Task directions: Only some lines are wanted. Transcribe, exactly, the lines below from the line with "Room for rent" up to and including the line with "2700 Bayshore Boulevard - Photo Thumbnail 9".

Data for processing:
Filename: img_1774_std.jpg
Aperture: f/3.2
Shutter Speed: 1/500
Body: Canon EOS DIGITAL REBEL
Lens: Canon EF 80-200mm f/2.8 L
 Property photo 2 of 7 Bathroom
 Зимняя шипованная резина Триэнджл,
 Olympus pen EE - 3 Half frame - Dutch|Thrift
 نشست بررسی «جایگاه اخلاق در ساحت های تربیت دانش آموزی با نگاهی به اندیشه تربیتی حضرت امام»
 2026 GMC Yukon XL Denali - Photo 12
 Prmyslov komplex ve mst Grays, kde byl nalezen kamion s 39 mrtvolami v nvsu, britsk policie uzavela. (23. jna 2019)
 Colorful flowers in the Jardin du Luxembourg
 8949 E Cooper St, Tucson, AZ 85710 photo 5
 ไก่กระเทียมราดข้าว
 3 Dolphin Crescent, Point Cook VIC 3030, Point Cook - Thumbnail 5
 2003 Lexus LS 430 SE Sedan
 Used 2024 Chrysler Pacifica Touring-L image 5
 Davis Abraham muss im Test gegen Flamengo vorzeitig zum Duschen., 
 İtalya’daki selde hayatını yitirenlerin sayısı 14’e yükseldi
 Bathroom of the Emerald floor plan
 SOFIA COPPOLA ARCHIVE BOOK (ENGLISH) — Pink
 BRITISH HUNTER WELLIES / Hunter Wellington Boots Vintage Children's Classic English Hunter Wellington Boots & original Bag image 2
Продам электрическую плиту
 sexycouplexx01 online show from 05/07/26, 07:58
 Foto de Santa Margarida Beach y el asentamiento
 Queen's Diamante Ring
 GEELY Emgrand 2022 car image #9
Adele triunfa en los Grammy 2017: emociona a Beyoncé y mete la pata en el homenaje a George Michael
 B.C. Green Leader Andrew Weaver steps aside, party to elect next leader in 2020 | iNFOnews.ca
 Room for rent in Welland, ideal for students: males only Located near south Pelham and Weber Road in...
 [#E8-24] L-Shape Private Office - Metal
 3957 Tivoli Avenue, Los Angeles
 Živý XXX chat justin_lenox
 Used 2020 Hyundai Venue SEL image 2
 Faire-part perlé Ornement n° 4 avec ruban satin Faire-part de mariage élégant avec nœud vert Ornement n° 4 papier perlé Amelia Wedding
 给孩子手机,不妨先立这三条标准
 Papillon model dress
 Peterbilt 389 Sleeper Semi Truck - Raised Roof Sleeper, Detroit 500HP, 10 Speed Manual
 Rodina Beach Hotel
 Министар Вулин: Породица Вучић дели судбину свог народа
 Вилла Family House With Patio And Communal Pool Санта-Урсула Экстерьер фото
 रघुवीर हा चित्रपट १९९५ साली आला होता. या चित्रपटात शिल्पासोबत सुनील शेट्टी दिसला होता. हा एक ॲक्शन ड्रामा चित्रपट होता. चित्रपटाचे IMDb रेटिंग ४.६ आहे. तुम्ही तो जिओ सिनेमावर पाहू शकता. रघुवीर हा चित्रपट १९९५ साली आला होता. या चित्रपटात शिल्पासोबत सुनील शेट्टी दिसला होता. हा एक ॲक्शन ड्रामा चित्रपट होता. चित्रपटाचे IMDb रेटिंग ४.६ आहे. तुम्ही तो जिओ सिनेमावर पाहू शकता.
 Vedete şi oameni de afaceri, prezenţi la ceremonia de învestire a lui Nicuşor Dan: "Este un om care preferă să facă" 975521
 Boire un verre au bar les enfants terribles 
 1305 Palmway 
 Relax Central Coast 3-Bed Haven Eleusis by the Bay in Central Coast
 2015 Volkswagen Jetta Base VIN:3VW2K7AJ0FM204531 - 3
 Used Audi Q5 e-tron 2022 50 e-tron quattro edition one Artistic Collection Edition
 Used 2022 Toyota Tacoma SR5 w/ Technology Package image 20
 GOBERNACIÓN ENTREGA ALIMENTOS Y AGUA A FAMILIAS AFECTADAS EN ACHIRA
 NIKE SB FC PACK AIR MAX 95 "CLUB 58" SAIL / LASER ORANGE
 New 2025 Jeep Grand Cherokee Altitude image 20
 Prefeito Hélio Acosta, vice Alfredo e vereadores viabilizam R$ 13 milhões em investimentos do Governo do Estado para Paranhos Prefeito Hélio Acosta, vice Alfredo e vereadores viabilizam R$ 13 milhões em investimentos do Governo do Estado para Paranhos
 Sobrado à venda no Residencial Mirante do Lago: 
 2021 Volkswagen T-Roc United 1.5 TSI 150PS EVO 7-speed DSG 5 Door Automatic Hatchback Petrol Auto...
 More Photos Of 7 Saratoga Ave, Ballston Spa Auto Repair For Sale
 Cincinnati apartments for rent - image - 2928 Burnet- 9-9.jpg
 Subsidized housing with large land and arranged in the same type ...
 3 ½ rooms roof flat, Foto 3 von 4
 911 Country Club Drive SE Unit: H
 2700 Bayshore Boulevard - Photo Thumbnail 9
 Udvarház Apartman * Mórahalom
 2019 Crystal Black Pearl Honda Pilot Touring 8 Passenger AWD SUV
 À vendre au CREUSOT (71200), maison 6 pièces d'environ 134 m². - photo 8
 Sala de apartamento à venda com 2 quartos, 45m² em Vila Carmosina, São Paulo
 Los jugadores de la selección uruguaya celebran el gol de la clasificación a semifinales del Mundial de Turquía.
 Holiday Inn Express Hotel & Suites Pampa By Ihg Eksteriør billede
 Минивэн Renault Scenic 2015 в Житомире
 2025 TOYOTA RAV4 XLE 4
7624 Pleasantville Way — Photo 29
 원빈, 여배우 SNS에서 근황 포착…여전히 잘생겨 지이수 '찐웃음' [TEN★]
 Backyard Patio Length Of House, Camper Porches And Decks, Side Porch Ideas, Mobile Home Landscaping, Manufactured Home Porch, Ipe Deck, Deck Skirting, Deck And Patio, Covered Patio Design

Reply:
 Room for rent in Welland, ideal for students: males only Located near south Pelham and Weber Road in...
 [#E8-24] L-Shape Private Office - Metal
 3957 Tivoli Avenue, Los Angeles
 Živý XXX chat justin_lenox
 Used 2020 Hyundai Venue SEL image 2
 Faire-part perlé Ornement n° 4 avec ruban satin Faire-part de mariage élégant avec nœud vert Ornement n° 4 papier perlé Amelia Wedding
 给孩子手机,不妨先立这三条标准
 Papillon model dress
 Peterbilt 389 Sleeper Semi Truck - Raised Roof Sleeper, Detroit 500HP, 10 Speed Manual
 Rodina Beach Hotel
 Министар Вулин: Породица Вучић дели судбину свог народа
 Вилла Family House With Patio And Communal Pool Санта-Урсула Экстерьер фото
 रघुवीर हा चित्रपट १९९५ साली आला होता. या चित्रपटात शिल्पासोबत सुनील शेट्टी दिसला होता. हा एक ॲक्शन ड्रामा चित्रपट होता. चित्रपटाचे IMDb रेटिंग ४.६ आहे. तुम्ही तो जिओ सिनेमावर पाहू शकता. रघुवीर हा चित्रपट १९९५ साली आला होता. या चित्रपटात शिल्पासोबत सुनील शेट्टी दिसला होता. हा एक ॲक्शन ड्रामा चित्रपट होता. चित्रपटाचे IMDb रेटिंग ४.६ आहे. तुम्ही तो जिओ सिनेमावर पाहू शकता.
 Vedete şi oameni de afaceri, prezenţi la ceremonia de învestire a lui Nicuşor Dan: "Este un om care preferă să facă" 975521
 Boire un verre au bar les enfants terribles 
 1305 Palmway 
 Relax Central Coast 3-Bed Haven Eleusis by the Bay in Central Coast
 2015 Volkswagen Jetta Base VIN:3VW2K7AJ0FM204531 - 3
 Used Audi Q5 e-tron 2022 50 e-tron quattro edition one Artistic Collection Edition
 Used 2022 Toyota Tacoma SR5 w/ Technology Package image 20
 GOBERNACIÓN ENTREGA ALIMENTOS Y AGUA A FAMILIAS AFECTADAS EN ACHIRA
 NIKE SB FC PACK AIR MAX 95 "CLUB 58" SAIL / LASER ORANGE
 New 2025 Jeep Grand Cherokee Altitude image 20
 Prefeito Hélio Acosta, vice Alfredo e vereadores viabilizam R$ 13 milhões em investimentos do Governo do Estado para Paranhos Prefeito Hélio Acosta, vice Alfredo e vereadores viabilizam R$ 13 milhões em investimentos do Governo do Estado para Paranhos
 Sobrado à venda no Residencial Mirante do Lago: 
 2021 Volkswagen T-Roc United 1.5 TSI 150PS EVO 7-speed DSG 5 Door Automatic Hatchback Petrol Auto...
 More Photos Of 7 Saratoga Ave, Ballston Spa Auto Repair For Sale
 Cincinnati apartments for rent - image - 2928 Burnet- 9-9.jpg
 Subsidized housing with large land and arranged in the same type ...
 3 ½ rooms roof flat, Foto 3 von 4
 911 Country Club Drive SE Unit: H
 2700 Bayshore Boulevard - Photo Thumbnail 9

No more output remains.